It was 11:00 AM and I decided to take a quick walk around the neighborhood. Just to clear the cobwebs from my mind and loosen me up a bit.
As I walked down Seventh Street and passed Montrose Street, I saw that church services from Saint Mary Magdalen de Pazzi Roman Catholic Church had just let out. There was a group standing outside in front of the church chatting.

There was an older man walking with the aid of a cane, coming from the direction of the church and turning onto Seventh just ahead of me. He was dressed in a white jacket and shorts and was making good time, cane or no cane.
When he got about to the entrance to the library, he stopped and unlocked his car, and he started to get into it as I walked past him.
Then I heard a woman’s voice behind me say, “Did you park like that?”
I turned around. The woman was very roughly the same age as the man; I judged them both to be north of 60, but more than that I would be hard pressed to say.

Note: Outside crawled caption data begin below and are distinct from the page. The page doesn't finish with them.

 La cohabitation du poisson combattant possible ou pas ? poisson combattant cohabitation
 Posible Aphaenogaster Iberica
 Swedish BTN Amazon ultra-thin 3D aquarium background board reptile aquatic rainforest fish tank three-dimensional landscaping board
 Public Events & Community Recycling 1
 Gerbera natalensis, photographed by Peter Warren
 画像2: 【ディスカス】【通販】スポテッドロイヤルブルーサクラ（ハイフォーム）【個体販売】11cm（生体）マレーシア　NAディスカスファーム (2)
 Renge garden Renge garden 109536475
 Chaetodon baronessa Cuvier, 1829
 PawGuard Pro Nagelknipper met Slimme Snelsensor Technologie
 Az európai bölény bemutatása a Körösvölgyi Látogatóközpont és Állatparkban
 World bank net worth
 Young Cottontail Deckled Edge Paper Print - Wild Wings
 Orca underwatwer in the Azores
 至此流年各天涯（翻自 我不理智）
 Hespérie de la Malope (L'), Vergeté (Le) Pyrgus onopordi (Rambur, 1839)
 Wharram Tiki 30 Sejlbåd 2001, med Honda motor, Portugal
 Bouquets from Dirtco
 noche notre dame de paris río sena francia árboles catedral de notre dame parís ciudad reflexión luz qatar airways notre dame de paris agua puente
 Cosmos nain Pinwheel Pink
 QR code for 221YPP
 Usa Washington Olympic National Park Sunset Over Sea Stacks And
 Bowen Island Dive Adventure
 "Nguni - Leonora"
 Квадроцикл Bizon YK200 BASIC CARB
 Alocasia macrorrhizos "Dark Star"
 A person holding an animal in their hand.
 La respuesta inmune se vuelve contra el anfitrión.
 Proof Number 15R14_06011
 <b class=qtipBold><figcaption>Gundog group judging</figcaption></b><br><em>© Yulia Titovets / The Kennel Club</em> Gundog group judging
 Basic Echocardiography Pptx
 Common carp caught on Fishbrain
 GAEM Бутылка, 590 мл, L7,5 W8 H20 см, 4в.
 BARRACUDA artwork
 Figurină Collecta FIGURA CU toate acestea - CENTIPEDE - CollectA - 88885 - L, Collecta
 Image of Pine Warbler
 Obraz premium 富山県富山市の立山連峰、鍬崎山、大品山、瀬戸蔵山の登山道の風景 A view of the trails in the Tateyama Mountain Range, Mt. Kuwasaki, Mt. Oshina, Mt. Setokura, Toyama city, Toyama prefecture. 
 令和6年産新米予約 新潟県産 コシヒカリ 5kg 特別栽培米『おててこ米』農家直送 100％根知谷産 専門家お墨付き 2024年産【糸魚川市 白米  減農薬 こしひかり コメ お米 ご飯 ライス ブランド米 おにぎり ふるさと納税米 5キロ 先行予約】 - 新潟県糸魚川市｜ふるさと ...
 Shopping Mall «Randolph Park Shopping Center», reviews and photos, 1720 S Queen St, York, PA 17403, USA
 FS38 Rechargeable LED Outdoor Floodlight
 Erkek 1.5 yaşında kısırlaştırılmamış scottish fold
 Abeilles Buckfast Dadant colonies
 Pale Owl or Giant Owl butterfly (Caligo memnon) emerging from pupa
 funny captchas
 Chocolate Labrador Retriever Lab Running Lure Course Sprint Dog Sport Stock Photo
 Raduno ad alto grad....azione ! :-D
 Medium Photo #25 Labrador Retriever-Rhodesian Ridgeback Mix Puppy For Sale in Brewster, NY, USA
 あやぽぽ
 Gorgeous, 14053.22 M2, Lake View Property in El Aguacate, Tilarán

The man admitted that he had, indeed, parked like that. He could hardly say otherwise, it seemed to me.
I took a closer look and saw that he had fit his car into a very tight space. Presumably the woman’s car had been there first.
As their dialog developed, I gathered that she had been sitting in her car because she couldn’t get out as she was squeezed in too tightly from both the front and the back.
“Where did you learn to park like that?” she screamed. “Why couldn’t you go park on Christian Street?”
The man was trying to be conciliatory but to no avail.
A little bit more give and take and it turned out that both of them had been in the church service. So she couldn’t have been sitting in her car waiting for too long. Unless she ducked out of the service early. Boring sermon perhaps?
Meanwhile, I was transfixed. I had stopped and was staring.
It was about this time that both of them turned and saw that I was staring at them. They didn’t seem to mind; I guess they wanted an audience. Of one.
Then she accused the man of hitting her car 19 times.
How did she know that? Did she have 19 dents or scratches? I really wanted to get closer so I could look. Perhaps they needed a referee.
I couldn’t help thinking that if both of them had come from the church service, why hadn’t the spirit of Jesus entered into them?
Anyway, I decided they’d have to settle their dispute on their own, so I went on my way.
I made a point of circling around the block and a few minutes later I walked across Montrose and emerged once again on Seventh. The man and his car were gone, but the woman’s car was still there. I didn’t see the woman; perhaps she was still sitting in her car. Fuming.
PS I’ve been in each of their situations so I can sympathize with both of them. The parking car situation, that is. It’s been a very long time since I’ve been to a church service of any kind.